Tolomeo sighed. "I'm not blaming you, Trelayne. Accidents happen. When we started working with so much of the glass vitriol, I knew it would be a dangerous business. I always wondered whether part or even all of me might end up getting burned away by that wicked stuff. At least it wasn't you. Lord Urthblood can get along without me, but he'd be lost without you."

"Don't sell yourself short. We were a team - you, me and Kyslith were a team, and now that team's a member short. It won't be easy getting along without you. Fortunately, we'll have time to get things sorted out, now that the hostilities are over."

Tolomeo's eyes went wide with surprise. "How long was I out?"

"Just about a full day. It's around midnight now, of the night after your injury."

"What about the battle? We ... won? Already?"

"Did we ever!" the marten beamed. "Our victory may have come at a high cost, but it must have been the rout of all routs in the long history of strife between the searats and the Badger Lords of Salamandastron! All four dreadnoughts were destroyed, thanks to the weapons you've been helping me prepare since last season. Only about two hundred rats survived the sinking of those warships, and when they tried to put ashore in front of the mountain, Captain Matowick's lads and lasses sent a few hails of arrows their way to let 'em know they weren't welcome here. They got the message pretty quick, and turned their escape boats northward. Lord Urthblood let 'em go, though he sent out his owl Saugus and a score of the Gawtrybe to shadow them along the coast. He's content to leave them in peace, although if they do come ashore north of here and cause any trouble or bother any goodbeasts, those squirrels have orders to shoot to kill. And then there are the gulls. Now that they've seen how effectively they can fight against the searats, you can bet they'll be tempted to harass those fleeing seavermin all the way out to sea and halfway back to Terramort. Those villains' days of terrorizing the coastlands as they please may well be over after today."

"Well, that's ... good. But like you said, our victory came at a heavy cost ... tho', I must say, it's not as crowded as I'd expect it to be down here after a battle of that scale." Tolomeo's gaze went to the weasel in the bed alongside his. "What's his story?" he asked Trelayne.

"Monda's the only one of our catapult gunners to survive. All the rest were killed, and their catapults destroyed."

"Oh." Tolomeo looked past Monda to the bed beyond, where Tulia lay slumbering deeply, her side heavily bandaged. "And her?"

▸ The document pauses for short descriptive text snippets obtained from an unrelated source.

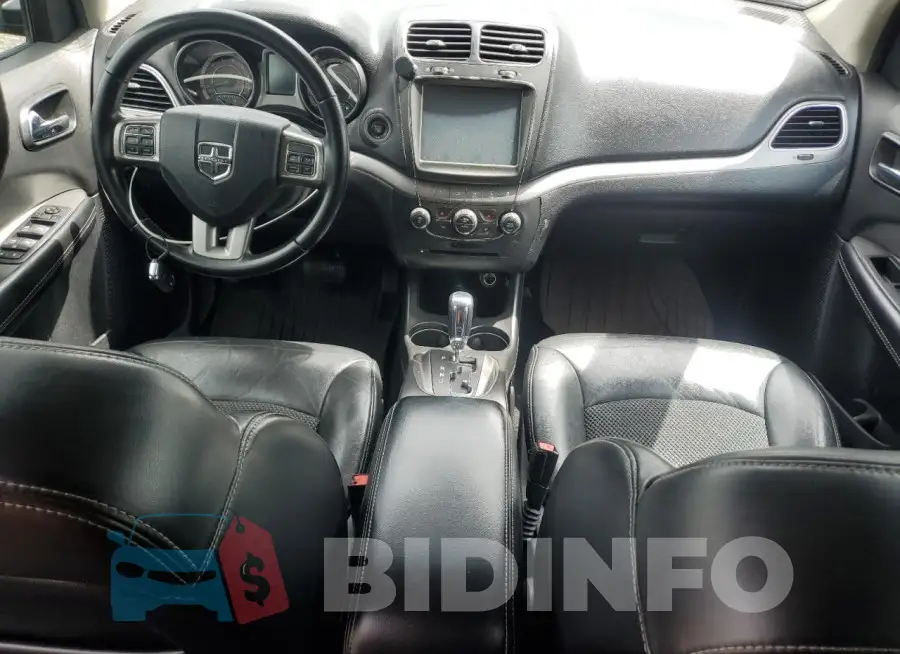 3C4PDCGB4LT212869 Photo# 8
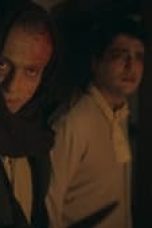 Creature Season 1 Episode 8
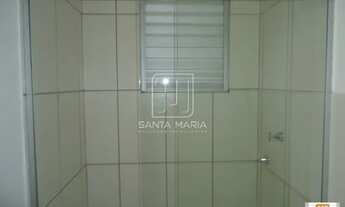 Imagem 7: Apartamento (tipo - padrao) 2 dormitórios, cozinha planejada, portaria 24hs, lazer, em con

"Got injured trying to capture the last dreadnought intact for Lord Urthblood, but Tratton sank it himself rather than let us keep it. It was rather touch and go with her for awhile too, but it looks like she's out of the woods now. Four of her fellow otters weren't so lucky."

"Oh," Tolomeo said again, then glanced across the aisle to where several of the beds had been pushed aside to clear a mattress-covered area on the floor for the lamed eagle Altidor to sprawl. "What about him?"

"Took arrows in the wing and leg during a low flyover of one of the searat ships. Klystra and Saugus emerged from the battle relatively unscathed, but several of the seagulls were slain in the attempt to capture the last dreadnought."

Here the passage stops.